For the moment, let’s stop worrying about politics, President Trump’s Twitter account and health care reform, and instead think about health - our own, and our loved ones.
The lead-up to Fourth of July weekend will see the year’s highest number of Texans enjoying our lakes.
The fact that in many cases, alcohol will be involved should be a sobering thought.
Texas ranks among the top five states in boating fatalities. Part of that is the number of boats registered in the state. Texas is traditionally among the top 10 boating states in the country. In 2016 there were more than 580,000 boats registered in the state making it sixth behind Florida, Minnesota, Michigan, California and Wisconsin.
But it’s not just that.
Last year the Texas Parks and Wildlife Department recorded 35 boating fatalities. That’s an unacceptable number. Alcohol has played a part in many of those fatalities. And as many as 85 percent of the victims would be alive today if they had worn life jackets.

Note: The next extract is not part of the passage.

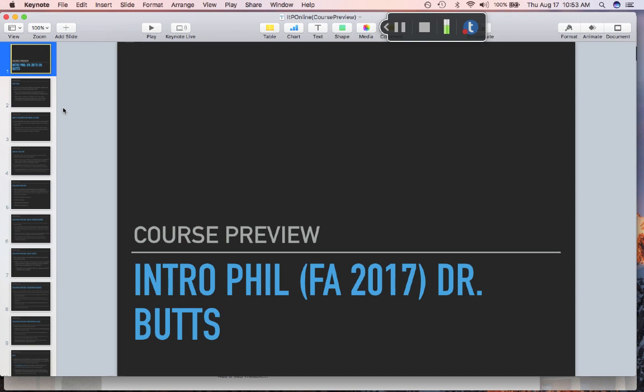Course preview: this is, as I've said, an introduction to philosophy course. That means we'll be covering a whole bunch of different topics in relatively shallow depth. We're not going to go too deeply into anything — just give you a general sense of how philosophy works, what kind of topics it's interested in, and how it looks at those topics.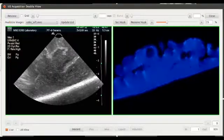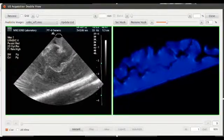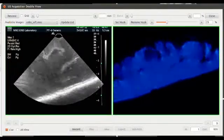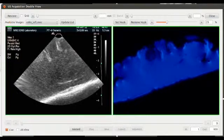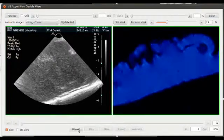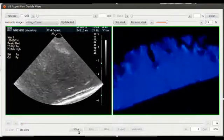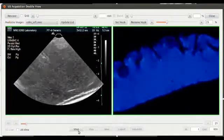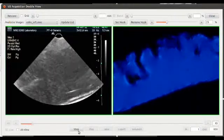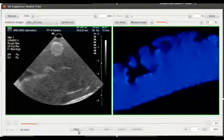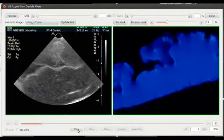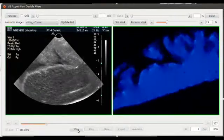When acquiring ultrasound images with IBIS, a double-view window allows you to simultaneously view your ultrasound slices, seen on the left, with the corresponding preoperative image slice, seen on the right.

TPWD has a long list of statistics that should scare people into thinking about their actions on the water. The department recorded 155 arrests for boating while intoxicated last year.
Alcohol is suspected to be involved in more than half of all boating accidents.
“Drinking and boating do not mix,” said Cody Jones, TPWD Assistant Commander for Marine Enforcement. “Not only is it the law, refraining from drinking alcohol while operating a vessel could save your life and the life of your loved ones.”
Boating safety needs to start long before getting to the lake, first by making sure the boat and trailer are in good working condition. Depending on use, engines need to be tuned, lights should be checked and old fuel replaced.
When packing for a day on the lake, pack wisely and along with all the drinks, whether soft drinks or more adult beverages, put in lots of water. Boaters often don’t realize how much the sun’s reflection and heat takes out of them.
Sunglasses, hats and sunscreen are important as well.
Now for some legal stuff.
In Texas, there must be a life jacket on board for everyone on the boat. Those 13 and under are required to have it on at all times, if the boat is moving.
Life jackets are hard to wear in Texas during the summer because they are hot. One option, although expensive, is suspender-type flotation devices. They inflate when submerged. Again, they’re expensive, but what is the price of safety?
And these days, officials warn that smaller vessels, such as paddleboards and kayaks have their own risks.
“It’s so easy to get in a paddle craft now - people are going out and having fun but they don’t know a lot about the boat they are operating,” TPWD says.
Frankly, everyone can use a break about now. And these summer weekends are a great time to reflect on what unites us, rather than divides us.
But let’s not ruin it with thoughtlessness out on the water.